This is a can of worms for several reasons.

First, don't use wiktionary, use http://jbovlaste.lojban.org/ or http://vlasisku.lojban.org/

Second, I refer you to http://dag.github.com/cll/6/7/ , which is the reference's discussion on quantifiers.

Third, I invite you to ignore the second statement I made, as this section of the grammar is out of date:  this page is a more recent coverage of the topic: http://www.lojban.org/tiki/BPFK+Section%3A+gadri

Fourth, now that your head is probably spinning in technicalities (which you can safely ignore for now), there's a little history: http://www.lojban.org/tiki/How+to+use+xorlo

To summarize, {lo broda} used to mean {su'o lo ro broda} or "at least one of all the brodas".  Changing the outer quantifier, you change how many members of the group you're talking about: {re lo broda} (in the past) = {re lo ro broda} = "exactly two of all of the things which really are brodas".  When you changed the inner quantifier, you were changing the number of things in the group about which you were talking, but since {lo} still had to refer to thing-which-really-are, the meaning was taken to be that {lo ci broda} meant "at least one of the three things that-really-are brodas, (but since it doesn't make sense to talk about _the_ three things if there are more than three things, there must be exactly three brodas in the world".

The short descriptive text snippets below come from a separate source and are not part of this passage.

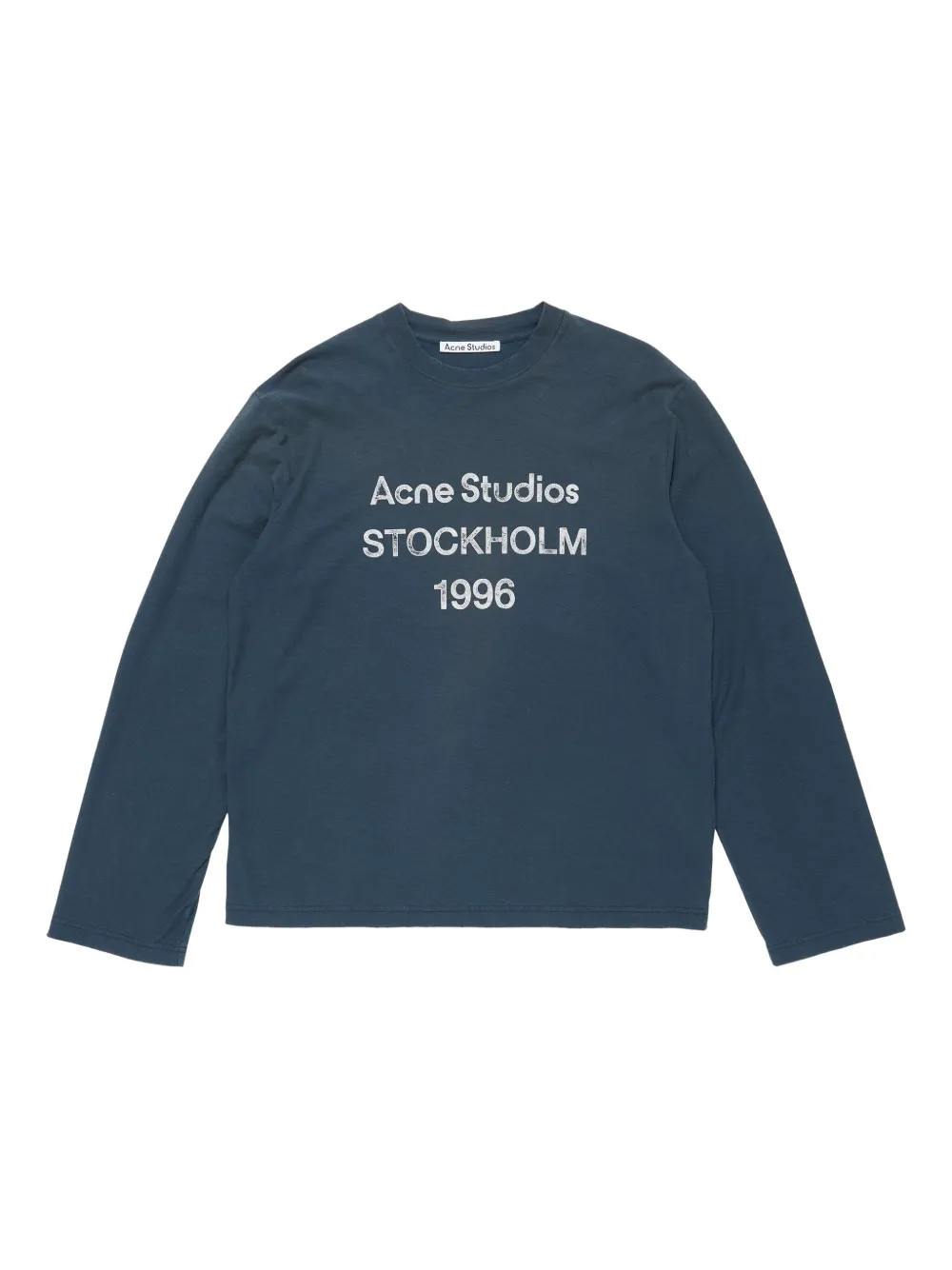 Acne Studios logo-print T-shirt | Blue | FARFETCH UK | Farfetch Global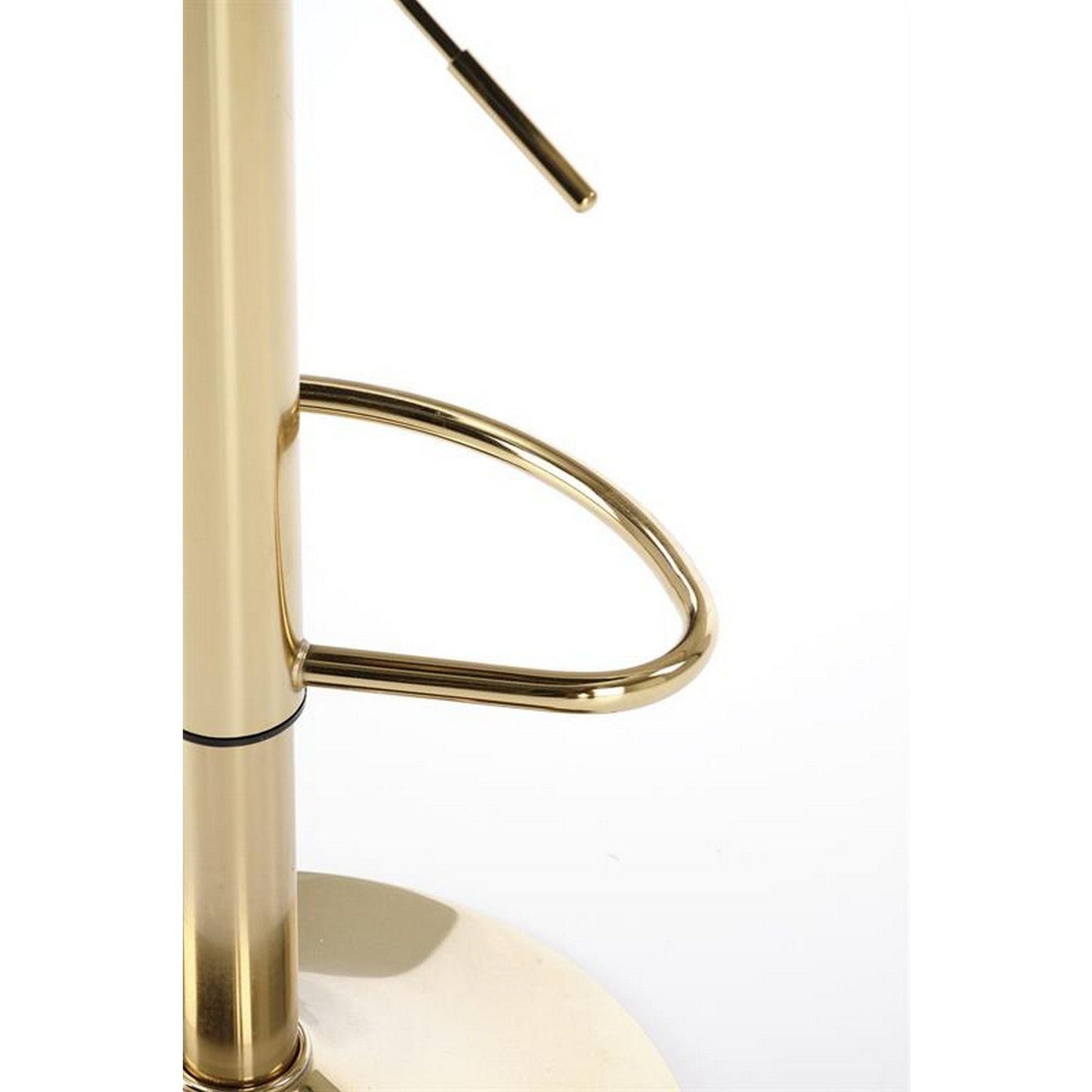 Scaun de bar H120, verde/auriu, stofa catifelata, 43x44x84 cm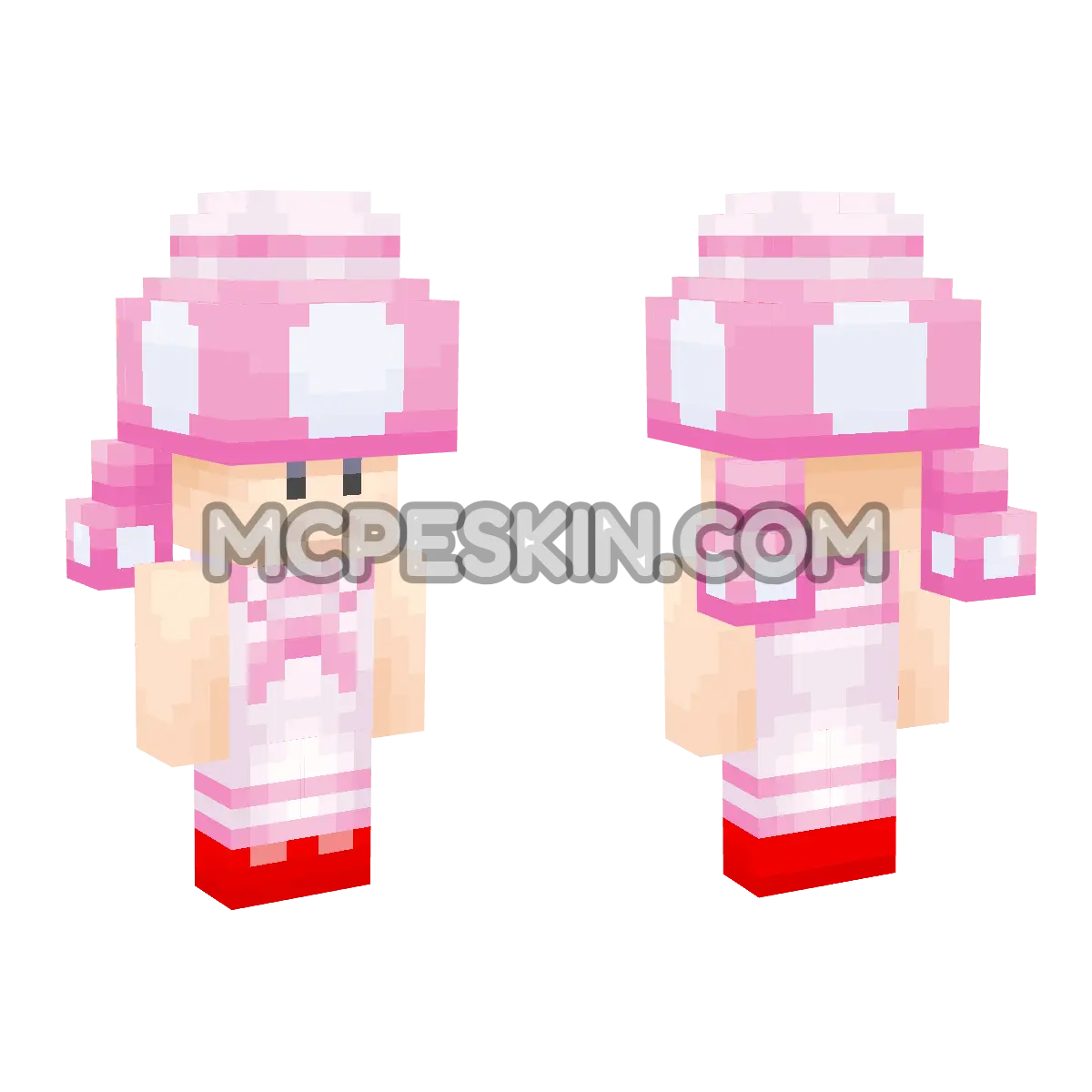 Toadette (Sailor) 4D Minecraft Bedrock skin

This usage was rarely followed and not very useful in conversation, so now, {ci lo broda} means "exactly three things which are (or which I describe as) brodas" and {lo ci broda} means "at least one of the three brodas I'm talking about".

If all that was too much, don't worry; TL;DR, {lo} has been changed to make much more sense, the literature has not yet been updated, and your question is mostly of historical value.

On Thu, Apr 28, 2011 at 12:37 PM, Ben Foppa <eatingstaples@gmail.com> wrote:
In Lojban For Beginners (http://www.tlg.uci.edu/~opoudjis/
lojbanbrochure/lessons/less4articles.html), it is stated:
"So ci lo gerku means 'three of those which really are dogs', or in
plain words, 'three dogs'. lo ci gerku, however, means that we are
talking about [one or more of] the only three dogs in the world, which
is not something you'd really want to say."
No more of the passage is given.